Le rapport d'Epidor de 1998 rapporte une prise en compte conjointe de la question des poissons migrateurs au niveau national et au niveau du bassin de la Garonne-Dordogne. Cette décennie est marquée dans ce bassin par « l’apparition des premiers résultats visibles du rétablissement de l'accès aux parties hautes bassin et notamment la prolifération des grandes aloses dans les bassins de la Garonne et de la Dordogne. Les auteurs du rapport précisent aussi que « l'anguille est actuellement l'objet d'une préoccupation croissante de la part des acteurs locaux, face aux indications alarmantes de régression de cette espèce sur tous les bassins européens » (Guerri et Pustelnik, 1998, p14). Malgré l’existence d’un dispositif réglementaire bien pourvu au niveau du bassin, les auteurs constatent cependant une très mauvaise prise en compte de l'anguille.

Depuis leur création, les COGEPOMI sont pilotés par les DIREN, délégations régionales du ministère de l'environnement, puis les DREAL. Ils sont constitués de séances plénières et réunions techniques en groupes techniques. Le fonctionnement des COGEPOMI intègre aussi des acteurs locaux, dans la mesure où les groupes techniques sont pour partie pilotés par des

collectivités locales (les EPTB assurent le secrétariat des groupes Garonne et Dordogne). Au niveau du bassin, des représentants des administrations de la pêche et de l'environnement participent au COGEPOMI. Mais si les COGEPOMI permettent de favoriser la mise en place d'une gestion des poissons migrateurs au niveau du bassin, ils traitent essentiellement de la question de la pêche. Les autres questions sont renvoyées à l'instance de Comité de bassin, « Parlement local de l’eau », chargée de l’élaboration de la politique de gestion de l’eau et de la rédaction du SDAGE.

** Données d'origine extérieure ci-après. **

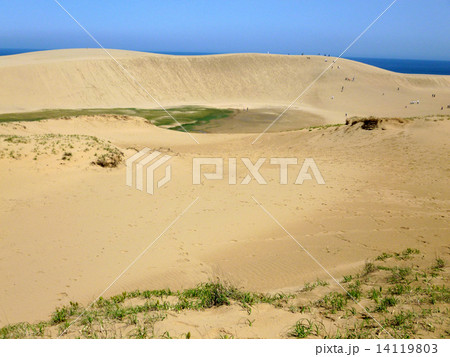 鳥取砂丘 14119803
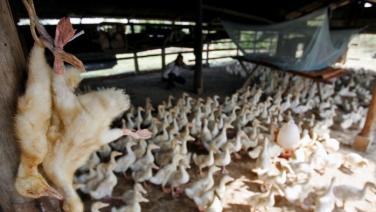 สหรัฐฯ ชี้ไวรัสไข้หวัดนกในกัมพูชาเป็นสายพันธุ์ประจำถิ่น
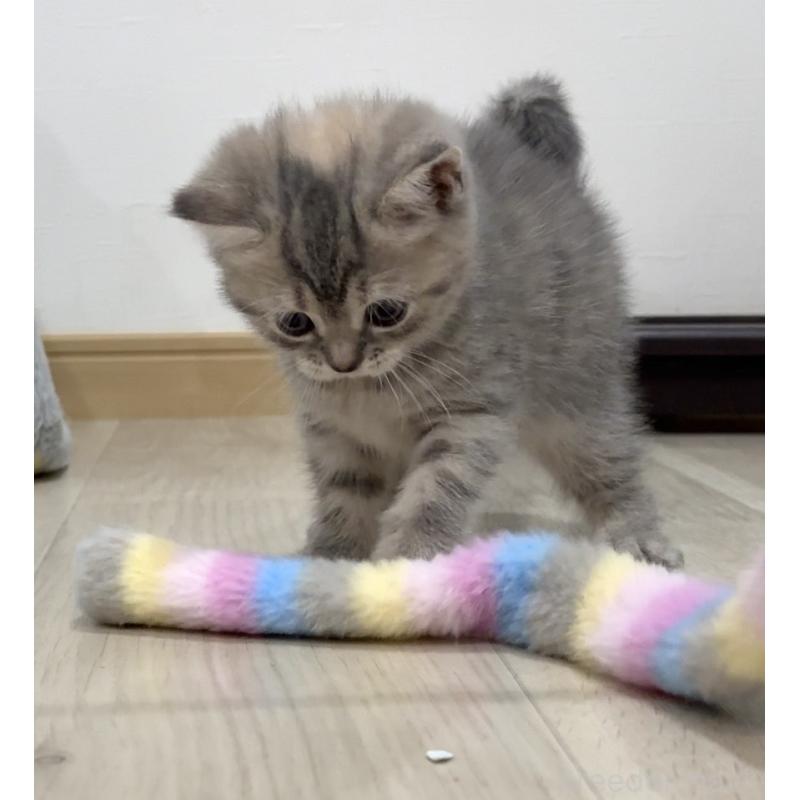 販売中の愛知県のスコティッシュフォールド-132375の8枚目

En 2010, dans le cadre de l'année internationale de la biodiversité le Ministère en charge de l’écologie initie une stratégie nationale sur les poissons amphihalins (STRANAPOMI). Elle est justifiée par le déclin des populations de poissons amphihalins présents sur le territoire français malgré les mesures de conservation mises en œuvre, leur valeur patrimoniale ainsi que leur rôle de témoin de la qualité de l'eau et des milieux (MEDDTL, 2011). Les réflexions sur l’anguille en font partie. Sur le site du Ministère en charge de l’écologie est affirmée la volonté de s'appuyer sur les différentes mesures définies au niveau européen pour mettre en œuvre cette stratégie : Directive cadre sur l'eau, Directive habitat, Règlement européen de l'anguille. Observe-t-on un processus d'intégration des procédures et des politiques publiques vers plus de cohérence ? Il semble que le règlement européen sur l'anguille et sa déclinaison en plan de gestion a redonné un certain dynamisme à une politique nationale en faveur des poissons migrateurs.